WHAT THIS TASK INVOLVES
Beginning with the line that holds "Hendra Virus 🦠❗️" and ending with the last line of the entries, please output each line exactly, apart from any pictures.

DATA FOR THIS TASK
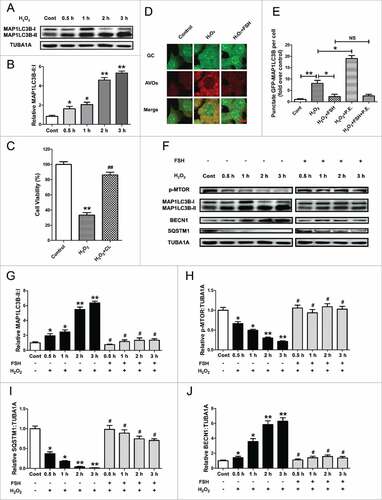 Figure 2. FSH inhibits H2O2-triggered autophagy in cultured GCs. (A) Primary cultured GCs incubated with or without 200 μM H2O2 for 1 h were then rinsed in PBS, and cultured under normal conditions for another 2 h. The expression of MAP1LC3B was determined by western blotting. (B) Quantification of the conversion of MAP1LC3B-I to MAP1LC3B-II. TUBA1A served as the control for loading. Data represent mean ± S.E; n = 3. *Represents P < 0.05 compared with the control group. ** Represents P < 0.01 compared with the control group. (C) GCs exposed to 200 μM H2O2 for 1 h were then treated with 50 μM chloroquine for 2 h. Cell viability was examined using the CCK-8 assay. Data represent mean ± S.E; n = 3. ** P < 0.01 compared with the control group. ## P < 0.01 compared with H2O2-only-treated cells. CL, chloroquine. (D) GCs with 1 h of H2O2 (200 μM) exposure were treated with 7.5 IU/ml FSH for 2 h. The acidic vesicular organelles (AVOs, red) were detected using acridine orange staining. Bar: 10 μm. (E) GCs transfected with GFP-MAP1LC3B plasmid for 48 h were incubated with 200 μM H2O2 for 1 h and cultured for another 2 h in the presence or absence of FSH (7.5 IU/ml), pepstatin A (10 μg/ml) and E64 (10 μg/ml). The formation of autophagosomes was assessed by quantifying the GFP-MAP1LC3B puncta per cell. Experiments were repeated in triplicate, and 3 fields of each coverslip were selected in random for counting. Data represent mean ± S.E; n = 3 in each group. *P < 0.05, **P < 0.01; NS, not significant, P > 0.05. (F) GCs cultured with or without 200 μM H2O2 for 1 h were then treated with FSH for 0.5 to 3 h. The expression of MAP1LC3B, p-MTOR, SQSTM1 and BECN1 in GCs was determined by western blotting. (G to J) The conversion of MAP1LC3B-I to MAP1LC3B-II, MTOR dephosphorylation, SQSTM1 degradation and BECN1 expression were quantified by densitometric analysis. TUBA1A served as the control for loading. Data represent mean ± S.E; n = 3. * Represents P < 0.05 compared with the control group. ** Represents P < 0.01 compared with the control group. # Represents P > 0.05 compared with the control group.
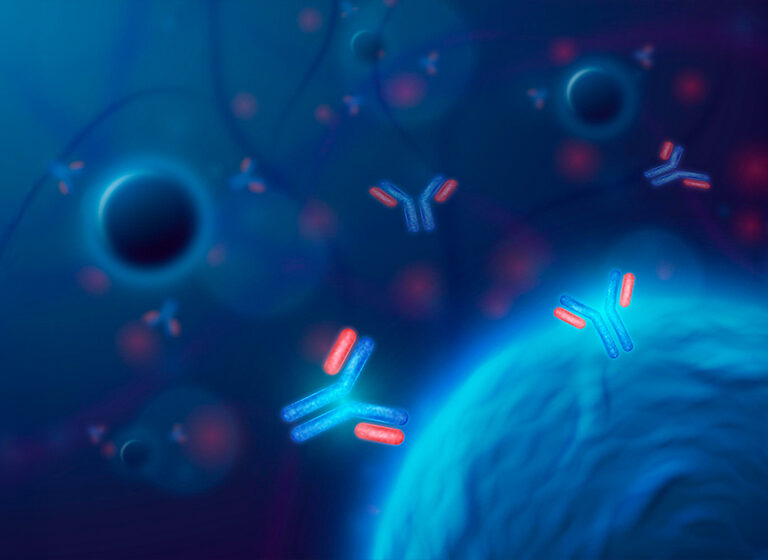 Antibody-Drug Conjugates (ADC)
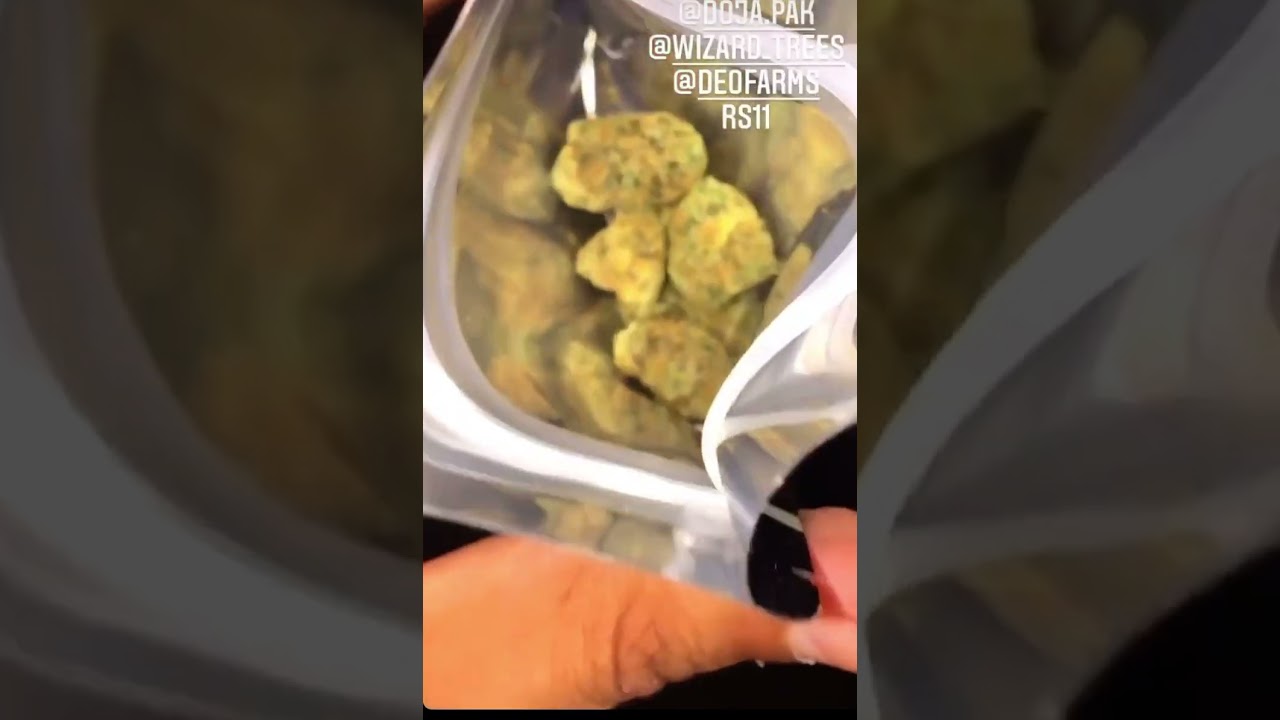 DOJA.PAK - RS11 #doja #rs11 #weed #cali #topshelf #loudpack #gas #trending #viral #youtubeshorts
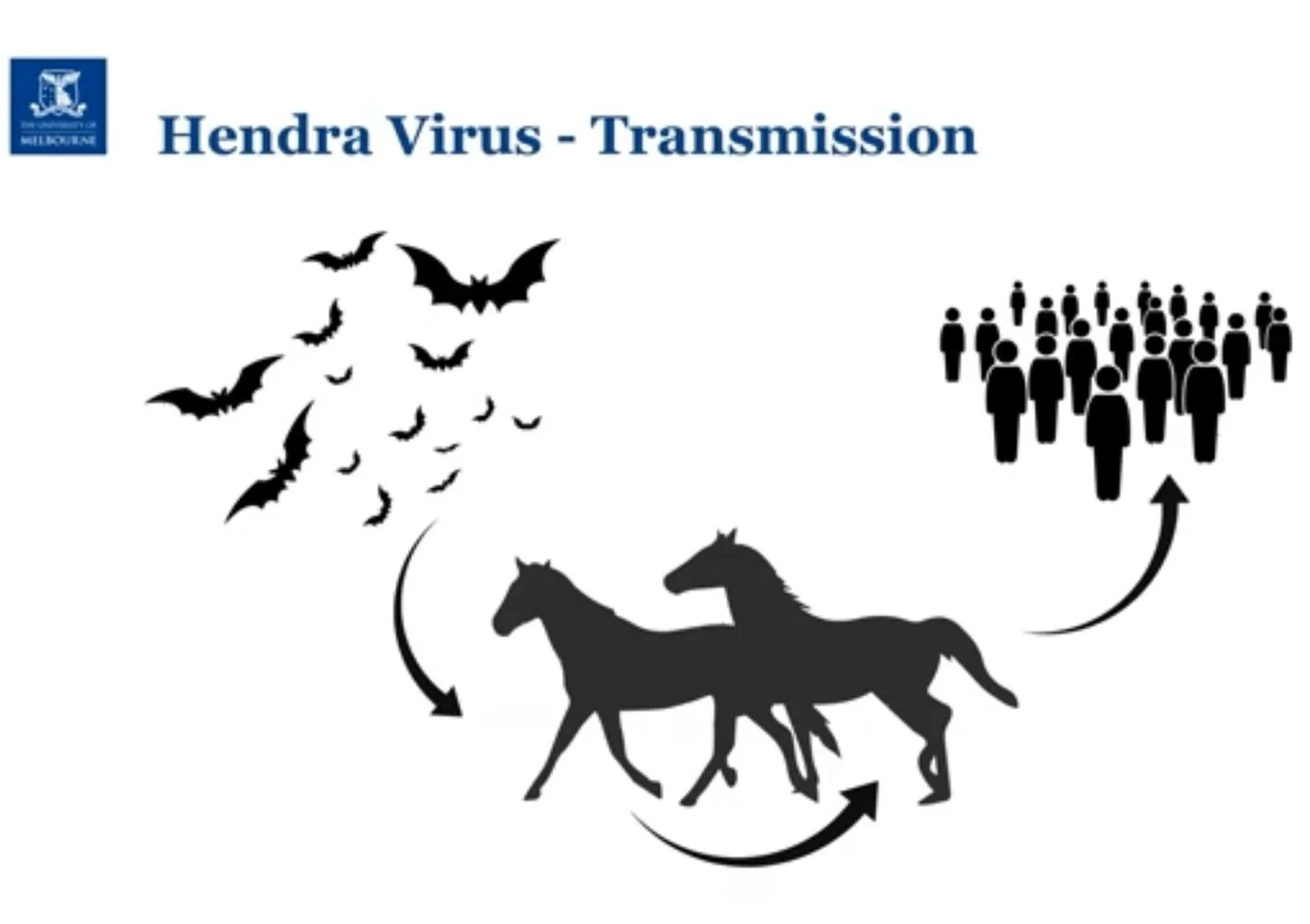 ❗️🦠 Protection from the Hendra Virus 🦠❗️

We are reminding all horse owners of the importance of the Hendra vaccination to prevent this deadly disease following the recent death of an unvaccinated horse in South-East Queensland. 

Hendra virus is c
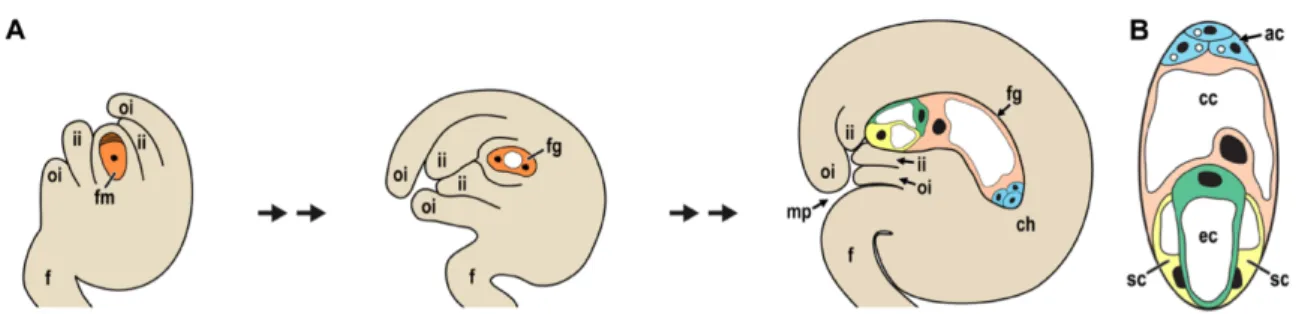 Figure 1-2 Megagametogenesis. (A) The functional megaspore divides, producing a two-nucleated coenocyte, with two nuclei at  each  pole,  separated  by  a  large  vacuole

THE COMPLETED TASK
 ❗️🦠 Protection from the Hendra Virus 🦠❗️

We are reminding all horse owners of the importance of the Hendra vaccination to prevent this deadly disease following the recent death of an unvaccinated horse in South-East Queensland. 

Hendra virus is c
 Figure 1-2 Megagametogenesis. (A) The functional megaspore divides, producing a two-nucleated coenocyte, with two nuclei at  each  pole,  separated  by  a  large  vacuole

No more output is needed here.